Initial dataframe example:
cols = ['id', 'cur_age', 'EGI0', 'EXP0', 'PEGI', 'PExp', 'gEGI', 'TotExp']
data = [[12003, 1, 446499.51, 214319.76, np.nan, np.nan, 0.00228, 0.00228],
[12003, 2, 446499.51, 214319.76, np.nan, np.nan, 0.00228, 0.00228],
[12003, 3, 446499.51, 214319.76, np.nan, np.nan, 0.00183, 0.00183],
[12003, 4, 446499.51, 214319.76, np.nan, np.nan, 0.00183, 0.00183],
[12003, 5, 446499.51, 214319.76, np.nan, np.nan, 0.00183, 0.00183],
[12003, 6, 446499.51, 214319.76, np.nan, np.nan, 0.00183, 0.00183],
[12003, 7, 446499.51, 214319.76, np.nan, np.nan, 0.00183, 0.00183],
[12003, 8, 446499.51, 214319.76, np.nan, np.nan, 0.00183, 0.00183],
[12003, 9, 446499.51, 214319.76, np.nan, np.nan, 0.00184, 0.00184],
[12003, 10, 446499.51, 214319.76, np.nan, np.nan, 0.00184, 0.00184],
[12014, 1, 163392.40, 78428.35, np.nan, np.nan, 0.00183, 0.00183],
[12014, 2, 163392.40, 78428.35, np.nan, np.nan, 0.00183, 0.00183],
[12014, 3, 163392.40, 78428.35, np.nan, np.nan, 0.00183, 0.00183],
[12014, 4, 163392.40, 78428.35, np.nan, np.nan, 0.00183, 0.00183],
[12014, 5, 163392.40, 78428.35, np.nan, np.nan, 0.00183, 0.00183]
]
bookdf = pd.DataFrame(data, columns = cols)
Desired Output:
cols = ['id', 'cur_age', 'EGI0', 'EXP0', 'PEGI', 'PExp', 'gEGI', 'TotExp', 'position', 'check', 'egix', 'expx']

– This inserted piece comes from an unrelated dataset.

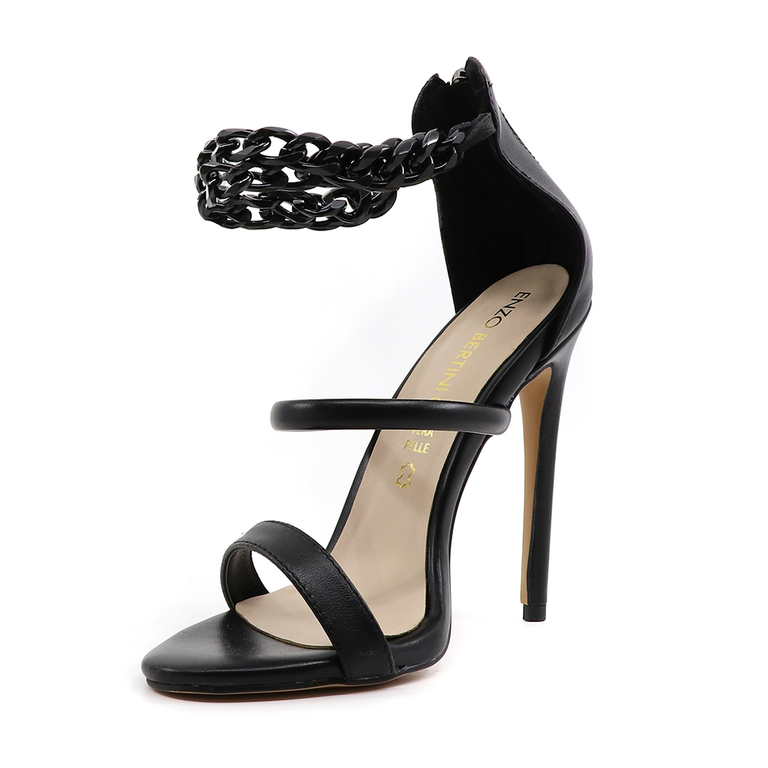 Enzo Bertini high heel women sandals in black leather 1123DS3066N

data = [[12003, 1, 446499.51923, 23.76, np.nan, np.nan, 0.00228, 0.00228, 0, 446499.51923],
[12003, 2, 446499.51923, 32.76, np.nan, np.nan, 0.00228, 0.00228, 1, 447517.89163],
[12003, 3, 446499.51923, 214319.76, np.nan, np.nan, 0.00183, 0.00183, 2, 448338.21855],
[12003, 4, 446499.51, 214319.76, np.nan, np.nan, 0.00183, 0.00183, 3, 449160.04918],
[12003, 5, 446499.51, 214319.76, np.nan, np.nan, 0.00183, 0.00183, 4, 449983.38628],
[12003, 6, 446499.51, 214319.76, np.nan, np.nan, 0.00183, 0.00183, 5, 450808.23260],
[12003, 7, 446499.51, 214319.76, np.nan, np.nan, 0.00183, 0.00183, 6, 451634.59091],
[12003, 8, 446499.51, 214319.76, np.nan, np.nan, 0.00183, 0.00183, 7, 452462.46399],
[12003, 9, 446499.51, 214319.76, np.nan, np.nan, 0.00184, 0.00184, 8, 453294.43921],
[12003, 10, 446499.51, 214319.76, np.nan, np.nan, 0.00184, 0.00184, 9, 454127.94424],
[12014, 1, 163392.40, 78428.35, np.nan, np.nan, 0.00183, 0.00183, 0, 163392.40385],
[12014, 2, 163392.40, 78428.35, np.nan, np.nan, 0.00183, 0.00183, 1, 163765.06788],
[12014, 3, 163392.40, 78428.35, np.nan, np.nan, 0.00183, 0.00183, 2, 164065.25900],
[12014, 4, 163392.40, 78428.35, np.nan, np.nan, 0.00183, 0.00183, 3, 164366.00038],
[12014, 5, 163392.40, 78428.35, np.nan, np.nan, 0.00183, 0.00183, 4, 164667.29304]
]
bookdf = pd.DataFrame(data, columns = cols)
Working code in Pandas which works on small dataset only:
# 'check' column is being created to get first row of each grouped data w.r.t 'id' column.
# I need to take to take first row of each group and do the below calculation for rest of the rows of each group but ```bookdf.group('id).first()``` is not working with the below calculation which basically retains the last value and do the math.
bookdf['check'] = bookdf.groupby(bookdf['id']).cumcount()
bookdf['egix'] = np.where((bookdf.check==0) & (bookdf.PEGI>0), bookdf.PEGI, bookdf.EGI0)
bookdf['expx'] = np.where((bookdf.check==0) & (bookdf.PExp>0), boodf.PExp, bookdf.EXP0)
for ind in bookdf.index:
if boo1df['check'][ind]!=0:
bookdf['egix'][ind] = bookdf['egix'][ind-1]*(1 + bookdf['gEGI'][ind])
bookdf['expx'][ind] = bookdf['expx'][ind-1]*(1 + bookdf['TotExp'][ind])
If I try to run the same code with dask dataframe, It's giving below mentioned error:
for ind in range(0, len(book1df)):
if boo1df['check'][ind]!=0:
bookdf['egix'][ind] = bookdf['egix'][ind-1]*(1 + bookdf['gEGI'][ind])
bookdf['expx'][ind] = bookdf['expx'][ind-1]*(1 + bookdf['TotExp'][ind])
**Error** : Series getitem in only supported for other series objects with matching partition structure.
Is there any way to implement this in dask dataframe or another best way to get the desired output with large Dataset.